RAW DATA:
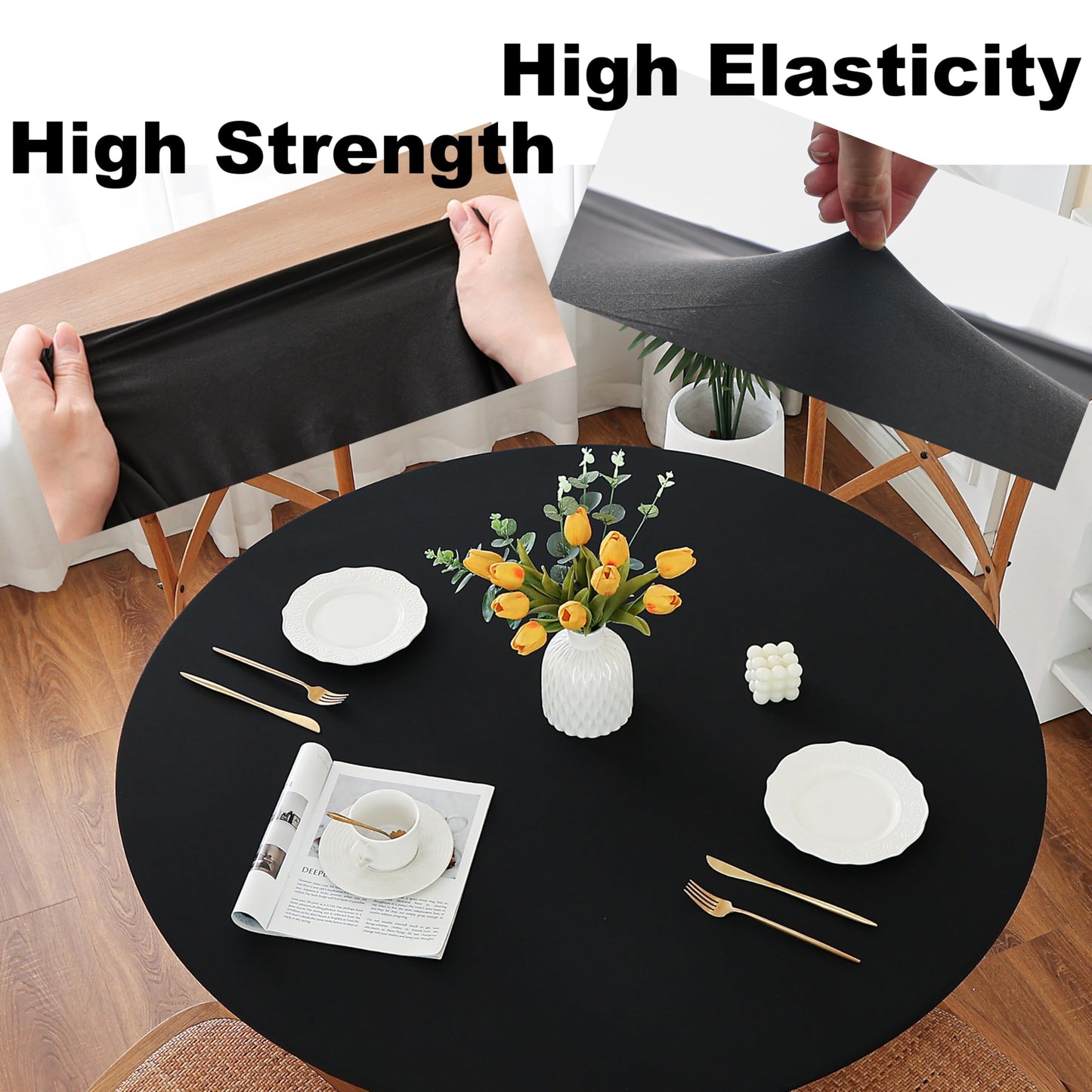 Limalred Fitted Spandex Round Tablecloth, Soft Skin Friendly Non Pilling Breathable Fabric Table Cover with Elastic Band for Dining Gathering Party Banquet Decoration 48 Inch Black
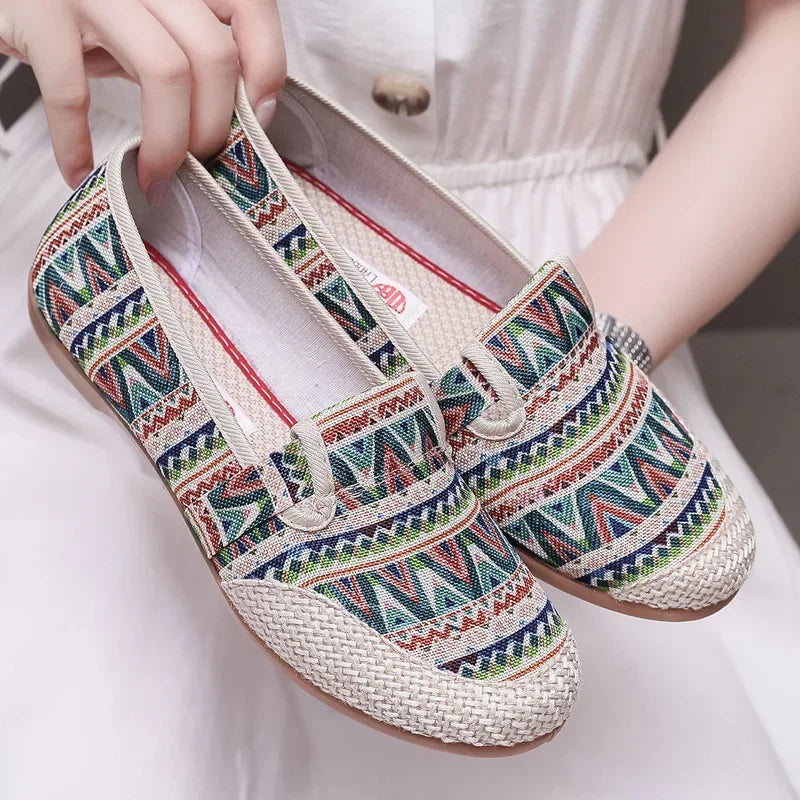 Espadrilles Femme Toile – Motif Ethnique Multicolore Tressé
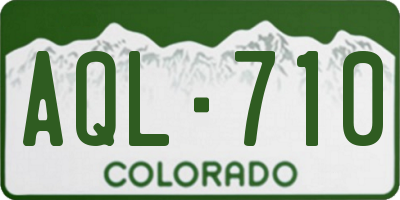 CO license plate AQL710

TASK ITEM:
Transcribe the listing in full. Omit the pictures and keep every line exact.

ANSWER SPACE:
 Limalred Fitted Spandex Round Tablecloth, Soft Skin Friendly Non Pilling Breathable Fabric Table Cover with Elastic Band for Dining Gathering Party Banquet Decoration 48 Inch Black
 Espadrilles Femme Toile – Motif Ethnique Multicolore Tressé
 CO license plate AQL710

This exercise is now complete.